* Exercise goal:
Nothing but the lines from the one with "2PCS Rearview Mirror" through the end of the listing should be reproduced, each exactly and with pictures omitted.

* Data excerpts:
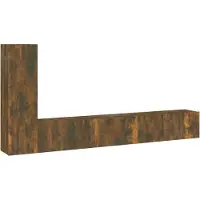 Syfax Ensemble de meubles TV 3 pcs Chêne fumé Bois d'ingénierie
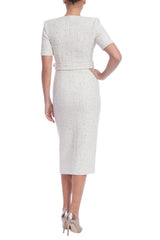 Badgley Mischka Short Sleeve Tweed Midi Dress White | Women Cocktail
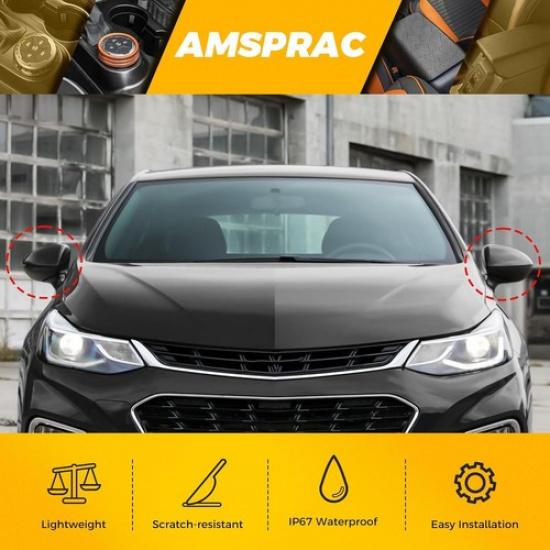 2PCS Rearview Mirror Cover Housing Shell Cap Black FOR Chevrolet Cruze 2017-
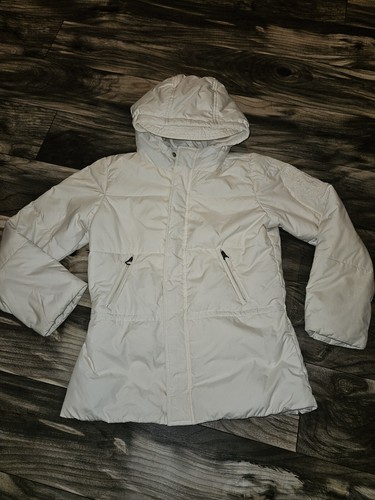 Polo Ralph Lauren Puffer Jacket Girls Size Medium 8-10 Cream White W/ Hood - Picture 2 of 7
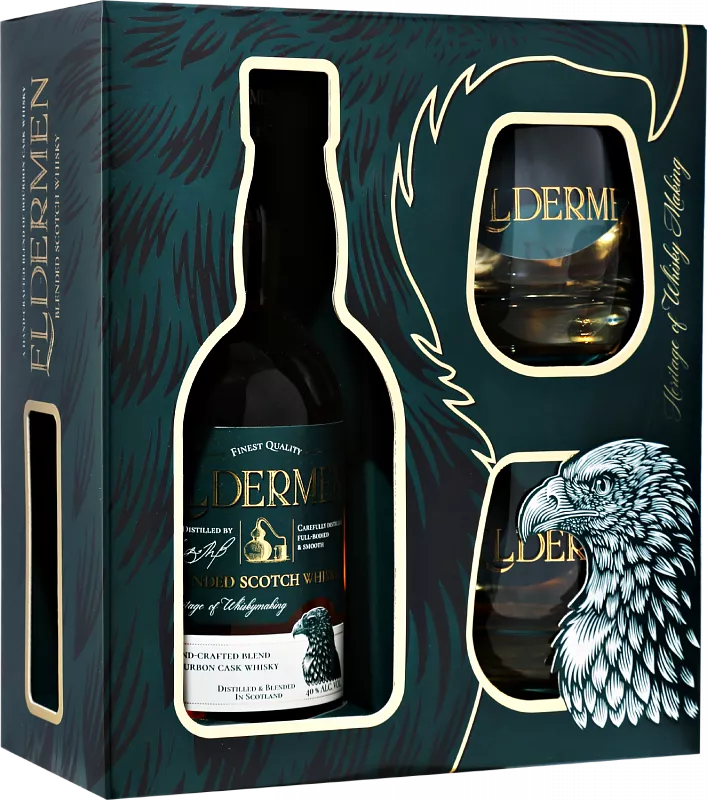 Виски   Виски Eldermen Blended Scotch Whisky gift box with 2 glasses  500 мл 40%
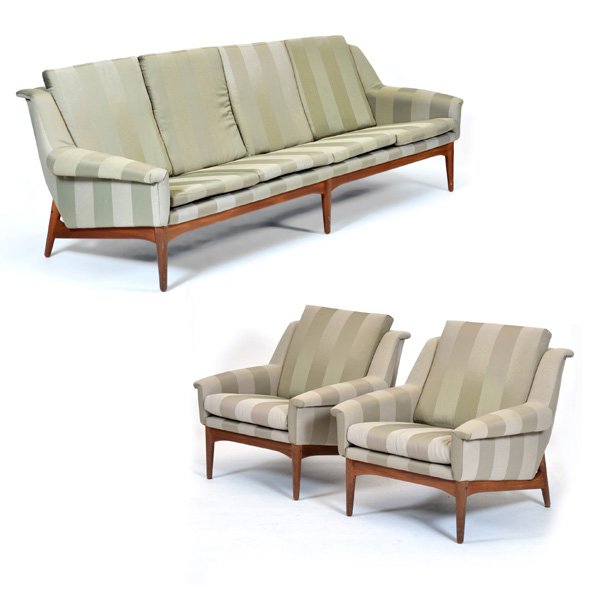 Danish modern bramin mobler teak sofa & arm chairs : lot 121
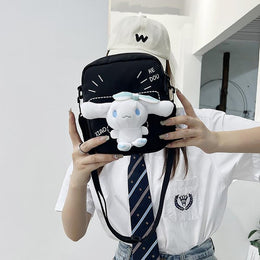 Printed Structured Shoulder Bag with Applique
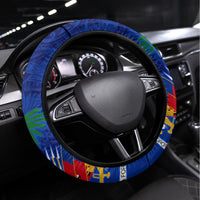 Haiti Independence Day Steering Wheel Cover Libete Egalite Fratenite Ayiti 1804 With Polynesian Pattern LT9 Universal Fit Red - Polynesian Pride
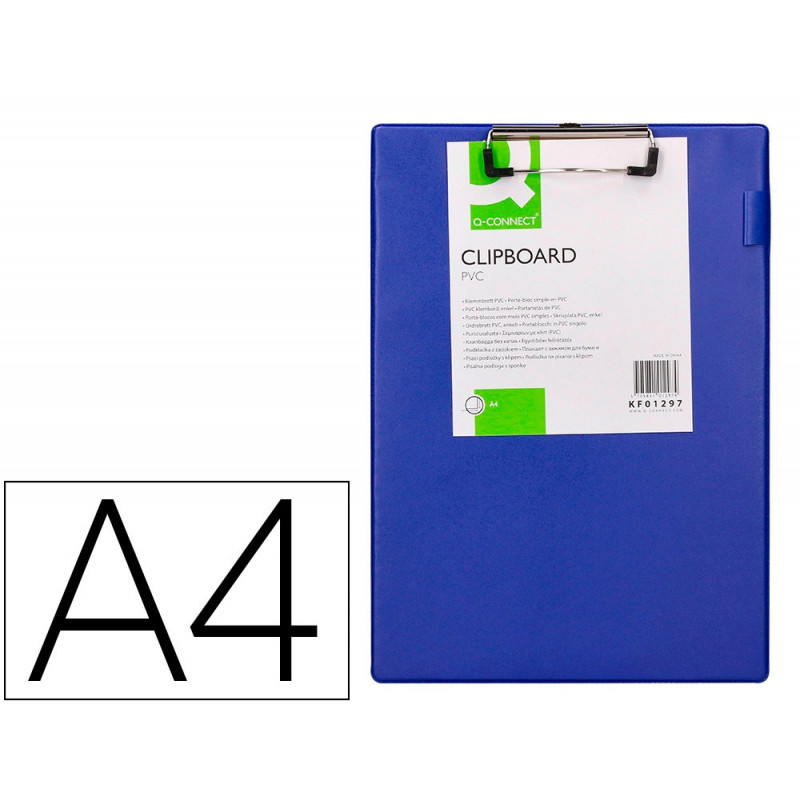 Porte-bloc q-connect carton recouvert pvc épaisseur 3mm porte-stylo 220x310mm coloris bleu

* Expected answer:
 2PCS Rearview Mirror Cover Housing Shell Cap Black FOR Chevrolet Cruze 2017-
 Polo Ralph Lauren Puffer Jacket Girls Size Medium 8-10 Cream White W/ Hood - Picture 2 of 7
 Виски   Виски Eldermen Blended Scotch Whisky gift box with 2 glasses  500 мл 40%
 Danish modern bramin mobler teak sofa & arm chairs : lot 121
 Printed Structured Shoulder Bag with Applique
 Haiti Independence Day Steering Wheel Cover Libete Egalite Fratenite Ayiti 1804 With Polynesian Pattern LT9 Universal Fit Red - Polynesian Pride
 Porte-bloc q-connect carton recouvert pvc épaisseur 3mm porte-stylo 220x310mm coloris bleu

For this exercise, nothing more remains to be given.